What you return should be the full listing, exactly as given.

§ Given data
◇ ◇ ◇

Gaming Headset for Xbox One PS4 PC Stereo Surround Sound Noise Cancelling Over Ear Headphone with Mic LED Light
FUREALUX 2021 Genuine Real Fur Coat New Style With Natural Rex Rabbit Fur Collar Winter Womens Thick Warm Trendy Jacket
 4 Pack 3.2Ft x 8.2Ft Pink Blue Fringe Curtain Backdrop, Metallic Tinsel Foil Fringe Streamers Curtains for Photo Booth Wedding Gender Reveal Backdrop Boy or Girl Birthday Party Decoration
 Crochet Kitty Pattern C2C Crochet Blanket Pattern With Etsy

◇ ◇ ◇

§ Answer to this task
Gaming Headset for Xbox One PS4 PC Stereo Surround Sound Noise Cancelling Over Ear Headphone with Mic LED Light
FUREALUX 2021 Genuine Real Fur Coat New Style With Natural Rex Rabbit Fur Collar Winter Womens Thick Warm Trendy Jacket
 4 Pack 3.2Ft x 8.2Ft Pink Blue Fringe Curtain Backdrop, Metallic Tinsel Foil Fringe Streamers Curtains for Photo Booth Wedding Gender Reveal Backdrop Boy or Girl Birthday Party Decoration
 Crochet Kitty Pattern C2C Crochet Blanket Pattern With Etsy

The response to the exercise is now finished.